Sanatorio del Gottardo

Lost Places. Ein Thema, welches viele Menschen interessiert. Die meisten von euch haben bestimmt schon mal ein Video eines Lost Places auf YouTube gesehen. Doch meistens befinden sich diese Ruinen im Ausland, in Amerika oder in Osteuropa. Doch gibt es solche verlassenen Gebäude auch in der Schweiz? Wo befinden sich diese? Wie sehen diese aus? Und kann man diese auch besichtigen? Diese Frage haben wir uns vor diesem Projekt gestellt. Hier findet ihr die Antwort.

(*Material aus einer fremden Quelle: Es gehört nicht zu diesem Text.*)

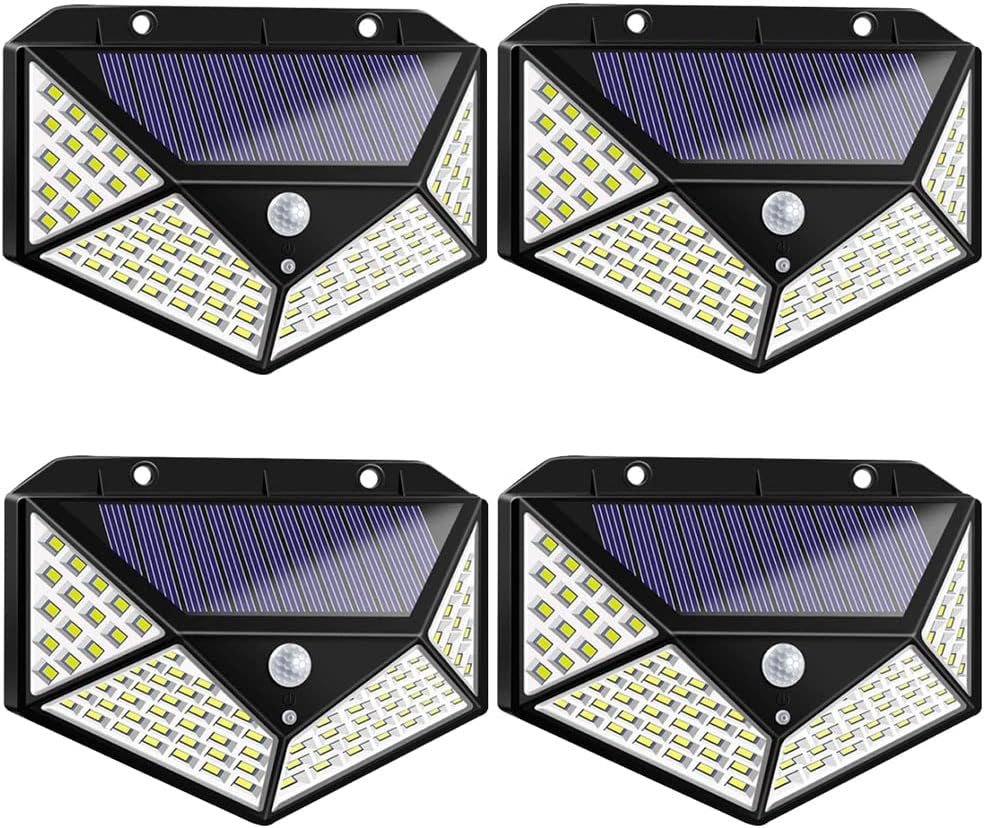 Solar Motion Sensor Security Wall Light | 100 LED 600lm | IP65 | 2 or 4 Pack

Erste Frage. Gibt es solche Lost Places auch in der Schweiz? Kurz: Ja, gibt es. Diese sind allerdings eher selten und nicht so leicht zu finden. Denn in der Schweiz werden verlassene Gebäude schnell abgerissen, da solche Gebäude schnell gefährlich werden, wenn man sie betritt. Zudem herrscht in der Schweiz ein Platzmangel. Das heisst, an den Plätzen, an denen bereits verlassene Gebäude stehen, werden diese innert kürzester Zeit abgerissen, um neue Gebäude darauf zu bauen. 

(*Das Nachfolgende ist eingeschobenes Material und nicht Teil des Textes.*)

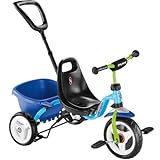PUKY CEETY | Komfortables und sicheres Dreirad | Teleskop-Schiebestange | für Kinder ab 2 Jahren | mit Lenkerpolster | Blau-Kiwi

Vereinzelt bleiben jedoch solche leeren Gebäude mehrere Jahre stehen. Diese eher seltenen Objekte werden dann schnell von der Urban Explore Szene entdeckt. Diese Orte werden meist Geheim behalten und nur in mit anderen Leuten aus dieser Szene geteilt, um so diese Gebäude vor Vandalismus zu schützen. Es gibt jedoch Blogs von Personen aus dieser Szene. Auf diesen Blogs werden vereinzelte Lost Places dokumentiert. Bei unsere Recherche haben wir auch unter anderem diese Blogs besucht, um mögliche Orte zu finden. Somit durchforschten wir die Seiten urbanexploration.ch und lost-place.ch. Viele dieser Beiträge handeln von alten Fabriken und kleinen Familienhäusern. Wir wollten jedoch etwas Grosses entdecken. Dazu kommt, dass wir auf jeden Fall einen Ort aussuchen wollten, welcher erst vor kurzem noch besucht wurde. So konnten wir sicher gehen, dass dieses Gebäude in der Zwischenzeit nicht bereits dem Erdboden gleichgemacht wurde. Nach einigen durchgesehenen Posts fanden wir dann etwas Passendes. Das alte Sanatorium in Quinto im Kanton Tessin.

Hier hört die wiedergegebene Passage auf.